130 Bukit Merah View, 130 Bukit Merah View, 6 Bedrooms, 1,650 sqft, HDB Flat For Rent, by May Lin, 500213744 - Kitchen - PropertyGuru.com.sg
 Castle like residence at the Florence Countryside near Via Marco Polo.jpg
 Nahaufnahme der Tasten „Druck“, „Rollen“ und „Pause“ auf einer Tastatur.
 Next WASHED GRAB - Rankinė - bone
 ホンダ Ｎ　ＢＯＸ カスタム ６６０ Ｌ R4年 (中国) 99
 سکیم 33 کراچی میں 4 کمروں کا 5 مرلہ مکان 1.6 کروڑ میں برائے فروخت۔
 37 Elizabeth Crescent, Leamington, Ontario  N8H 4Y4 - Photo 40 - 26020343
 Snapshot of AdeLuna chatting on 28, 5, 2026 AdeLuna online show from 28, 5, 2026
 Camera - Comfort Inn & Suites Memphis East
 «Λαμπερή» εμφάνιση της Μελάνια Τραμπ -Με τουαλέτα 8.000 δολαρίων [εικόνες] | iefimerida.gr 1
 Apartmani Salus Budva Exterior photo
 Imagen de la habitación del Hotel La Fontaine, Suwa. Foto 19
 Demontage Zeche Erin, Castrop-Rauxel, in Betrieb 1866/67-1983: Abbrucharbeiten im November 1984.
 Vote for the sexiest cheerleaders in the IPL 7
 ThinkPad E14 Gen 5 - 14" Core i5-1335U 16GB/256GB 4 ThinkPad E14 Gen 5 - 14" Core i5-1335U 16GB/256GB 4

┄┄┄┄┄┄┄┄┄┄

▶ **Instructions for the task**
Nothing above should be left out; write out every record exactly.

▶ **Exercise output**
130 Bukit Merah View, 130 Bukit Merah View, 6 Bedrooms, 1,650 sqft, HDB Flat For Rent, by May Lin, 500213744 - Kitchen - PropertyGuru.com.sg
 Castle like residence at the Florence Countryside near Via Marco Polo.jpg
 Nahaufnahme der Tasten „Druck“, „Rollen“ und „Pause“ auf einer Tastatur.
 Next WASHED GRAB - Rankinė - bone
 ホンダ Ｎ　ＢＯＸ カスタム ６６０ Ｌ R4年 (中国) 99
 سکیم 33 کراچی میں 4 کمروں کا 5 مرلہ مکان 1.6 کروڑ میں برائے فروخت۔
 37 Elizabeth Crescent, Leamington, Ontario  N8H 4Y4 - Photo 40 - 26020343
 Snapshot of AdeLuna chatting on 28, 5, 2026 AdeLuna online show from 28, 5, 2026
 Camera - Comfort Inn & Suites Memphis East
 «Λαμπερή» εμφάνιση της Μελάνια Τραμπ -Με τουαλέτα 8.000 δολαρίων [εικόνες] | iefimerida.gr 1
 Apartmani Salus Budva Exterior photo
 Imagen de la habitación del Hotel La Fontaine, Suwa. Foto 19
 Demontage Zeche Erin, Castrop-Rauxel, in Betrieb 1866/67-1983: Abbrucharbeiten im November 1984.
 Vote for the sexiest cheerleaders in the IPL 7
 ThinkPad E14 Gen 5 - 14" Core i5-1335U 16GB/256GB 4 ThinkPad E14 Gen 5 - 14" Core i5-1335U 16GB/256GB 4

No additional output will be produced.